Figure 4. GluCer Converts Physiological α-Syn Conformers into Pathogenic Species.

(A) iPSn-derived monomers isolated from control neurons were incubated with phosphatidylcholine (PC) as a control, and GluCer under quiescent conditions at pH 5.5, followed by SEC/ELISA to monitor conversion into HMW species (n = 4).

(B) Physiological conformers (HMW-ctrl or mon.-ctrl) were isolated from iPSns and mixed with PC or GluCer in vitro as in (A), followed by immuno-FRET analysis (n = 4, *p < 0.05 compared to time = 0).

(C) HMW-ctrl was isolated and mixed with PC or GluCer in vitro at pH 5.0, 6.0, or 7.4 for 30 min at 37°C followed by SEC/ELISA. SDS (0.1%) was used as a control to disrupt HMW conformers (n = 4).

(D) HMW-ctrl fractions from iPSns were treated with PC or GluCer as in (B) for 30 min, followed by PK digest/western blot (C-20)(n = 3). CBB was used as a loading control.

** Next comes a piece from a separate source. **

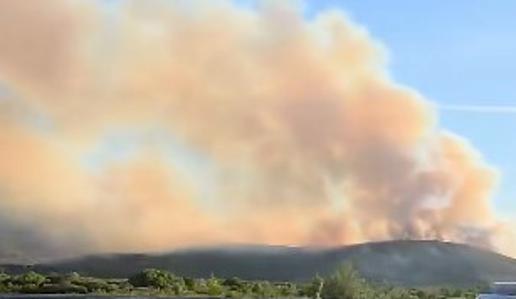 Izredno stanje pri Šibeniku, v zraku več letal za gašenje #video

(E) HMW-ctrl from H4 cells was mixed with PC or GluCer in vitro and analyzed as in (D) (n = 3).

(F) HMW-ctrl from iPSns was incubated with BSA, PC, or GluCer in vitro as in (D), then mixed with purified recombinant monomers. Amyloid formation was monitored over time under quiescent conditions at pH 7.4 by ThT (n = 4). For all quantifications, values are the mean ± SEM (*p < 0.05, ***p < 0.0002,****p < 0.0001).